At least 12 people have been killed and scores wounded in attacks across Afghanistan, including in a Taliban truck bombing that targeted a military base used by Afghan commandos, officials said.
The suicide truck bomber in the northern province of Balkh killed three people, including two Afghan commandos and a civilian, according to the provincial governor's spokesman, Munir Ahmad Farhad.
Hanif Rezaie, a spokesman for Afghan forces in the north of the country, said on August 25 that initial military reports suggested at least six commandos and about 35 civilians were wounded in that explosion. He said the blast also destroyed or damaged dozens of nearby civilians houses.

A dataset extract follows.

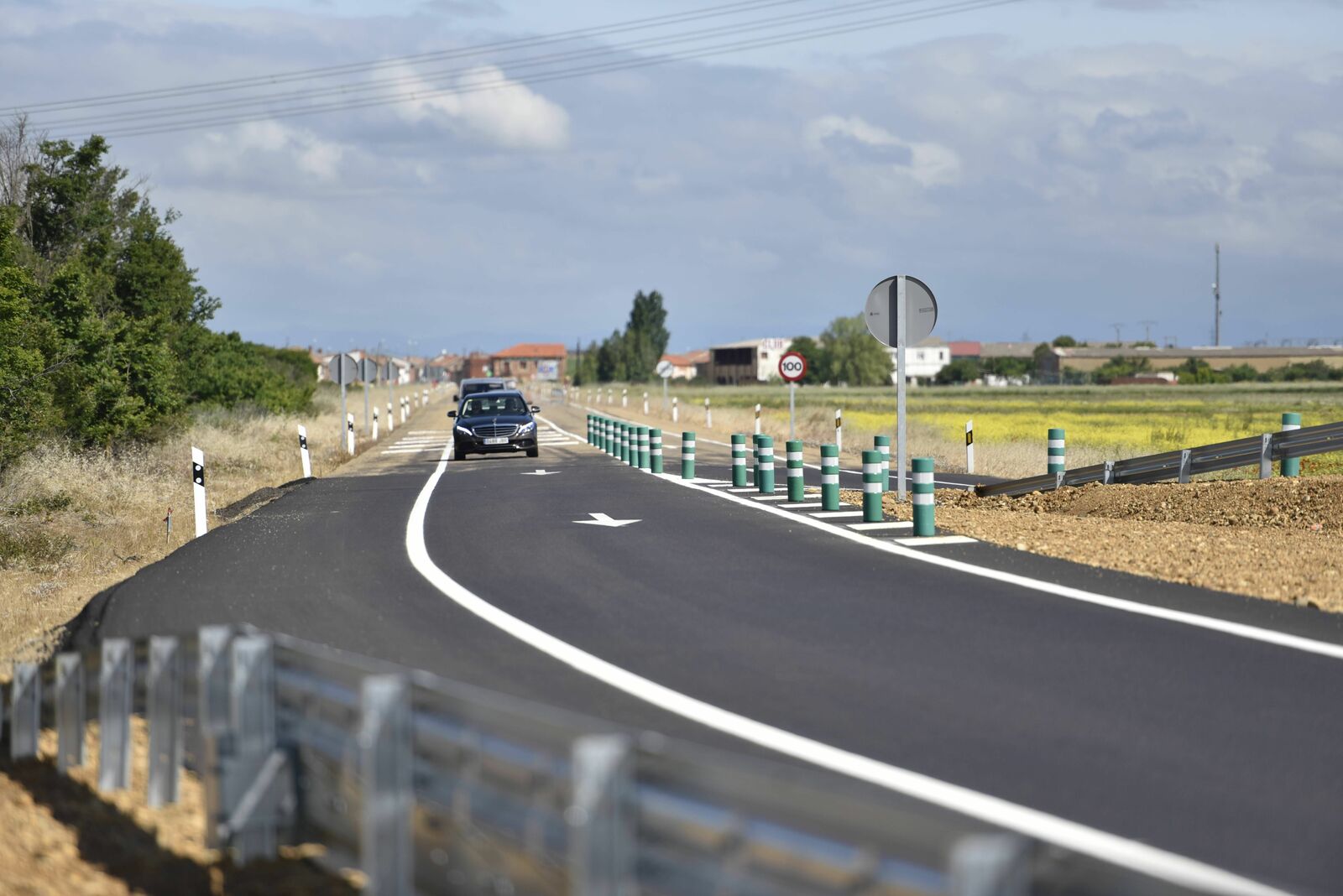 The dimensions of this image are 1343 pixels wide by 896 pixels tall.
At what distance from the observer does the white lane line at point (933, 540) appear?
1537 cm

“Most of the wounded civilians are women and children,” Rezaie said.
Taliban spokesman Zabiullah Mujahid claimed responsibility for the Balkh attack in a tweet, claiming that “tens” of military personnel were killed. The Taliban often exaggerate their battlefield claims.
Meanwhile, an August 25 attack on a checkpoint of pro-government forces in Ghor Province killed eight soldiers and wounded five, the provincial governor's spokesman, Arif Aber, said.
Aber said the attack in Ghor's Shahrak district triggered a five-hour gunbattle.
There was no immediate claim of responsibility for that attack. But authorities blamed the Taliban, who have claimed numerous previous attacks on security checkpoints in Ghor Province.
Meanwhile in Kabul, a roadside bomb killed a police officer and a policewoman and her driver were wounded when unknown attackers opened fire on them, Kabul police spokesman Ferdaws Faramarz said.
There was no immediate claim of responsibility for the attacks in Kabul.
Both the Taliban and extremists from the so-called Islamic State (IS) militant group are active in Kabul. IS militants have claimed most of the attacks in the Afghan capital in recent months.
Despite efforts to launch peace talks between the government and the Taliban, Afghan civilians continue to bear the brunt of the war.
The start of the talks envisaged under a U.S.-Taliban peace agreement signed in February has been hampered by multiple delays that have frustrated Washington.
There had been expectations that the negotiations would begin earlier in August.
A United Nations report released in July said 1,282 people were killed by violence in Afghanistan during the first six months of 2020.